The flight was on a Boeing 314 Clipper, which took off from San Francisco Bay and landed on the West Loch of Pearl Harbor. The “flying boat” had sleeping berths for its 74 passengers, who dined on filet mignon and lobster tails served on fine china. The 10- to 14-hour flight cost about $1,000, which in today’s dollars would be about $15,000.

The flight was the first leg of Pan Am’s island-hopping route across the Pacific to Asia, which included stops in places like Guam and Wake Island. The airline already had established itself as the main carrier to Latin America and was making deals with European carriers.

ARTIFACTS from Pan Am’s history will be on display, including trinkets emblazoned with the airline’s distinctive blue logo.

“COME FLY WITH ME”

A history of Pan Am in Hawaii:

Where: Pacific Aviation Museum Pearl Harbor

When: 9 a.m. – 5 p.m. daily, opening Saturday

Cost: $10-$20; $7-$12 kamaaina

Info: Pacificaviationmuseum.org

Also: An opening celebration for “Come Fly With Me” is 2 to 4 p.m. Saturday, Oct. 22 at Hanger 37 of the museum. Pan Am employees and officials are expected.

“The branding was huge,” Goodall said.

Other items will include equipment used on planes, such as a sextant used for navigation and a Morse-code key that was used for communications.

A display on “The Early Years” includes a section on Juan Trippe, founder and president of Pan Am. Trippe developed safety procedures, navigation routes and inflight services at a time when “it was still loosey-goosey,” Goodall said.

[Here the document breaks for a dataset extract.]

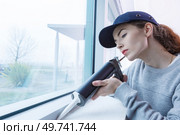 female window installer sealing the gaps with epoxy gun. Стоковое фото, агентство Ingram Publishing / Фотобанк Лори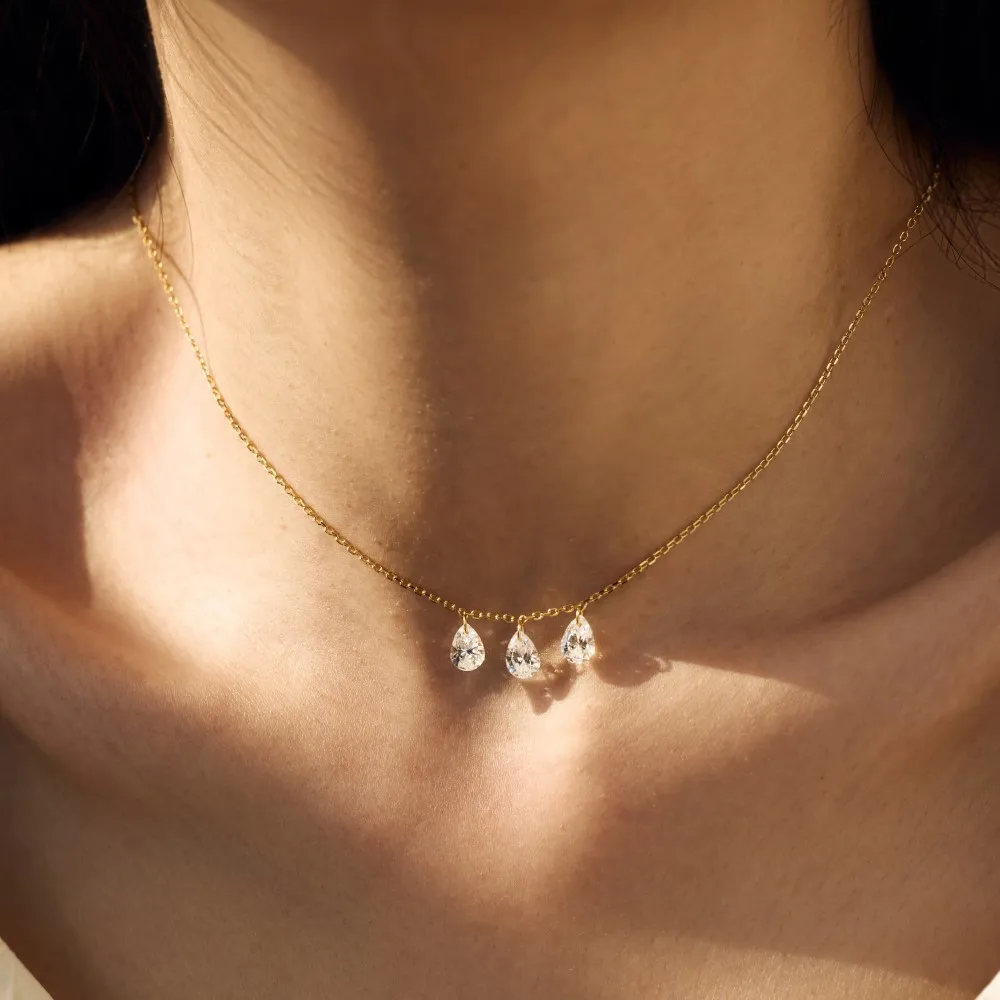 CCFJOYAS 925 Sterling Silver Three Sparkling Clear Water Droplet shaped Zircon Pendant Necklace Women Wedding Party Fine Jewelry
CCFJOYAS 925 Sterling Silver Three Sparkling Clear Water Droplet shaped Zircon Pendant Necklace Women Wedding Party Fine Jewelry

Kenneth DeHoff, executive director of the museum, said Pan Am played a key role during World War II in the battle for Pacific supremacy.

“In the 1940s, they turned around and trained the military how to fly across the Pacific and how to use celestial navigation,” he said. “Most of the pilots became Naval Reserve officers and flew for the Navy.”

It has taken about three years for the museum to collect artifacts for the display, DeHoff said. Some are from an exhibit at the Honolulu Airport that was disbanded after the Sept. 11 attacks, while others came from former Pan Am employees, who have formed social clubs around the world.

One such former employee is Darlene Laster, a member of the Pan Am Association’s Aloha Chapter who worked at various Pan Am ground locations for 25 years. She is proud of Pan Am’s legacy in the airline industry, noting that it instituted things like R & R (rest and recuperation) flights for military families during the Korean and Vietnam wars. Hawaii was key to these flights, serving as a meeting ground for service members flying in from Asia and their spouses coming from the mainland.

“We’d work like heck to get them on those flights,” Laster said. “If a connecting flight was delayed, we’d go pick them up with our van and move heaven and earth, sometimes even delaying a flight for a few minutes, in order to accommodate them because you didn’t want them to lose one whole day with their loved ones.”

Laster said ABC’s television show “Pan Am” is “very authentic as far as the background is concerned.” She said the flight attendants’ uniforms, though made a brighter blue than the original to show up better on the screen, are accurate in style, and that Pan Am’s hub at John F. Kennedy Airport was reproduced for the show. (One departure from reality, however, is that the pilots were not as young as those in the show, Laster says.)

The show, starring Christina Ricci, follows a group of Pan Am flight attendants as they travel the world in the 1960s. Intrigue is woven into the TV plot, with one of the flight attendants recruited to be a CIA courier. Laster said she didn’t know whether that scenario was based in reality, but she noted that for decades, Pan Am employees’ bags were not searched by customs.

Now, as the exhibit is revealed, Laster said she is “ecstatic” about it.

“We’ve been working on this for years,” she said. “We had to convince the younger military guys (of Pan Am’s importance). Now they realize that the whole history needs to be told.”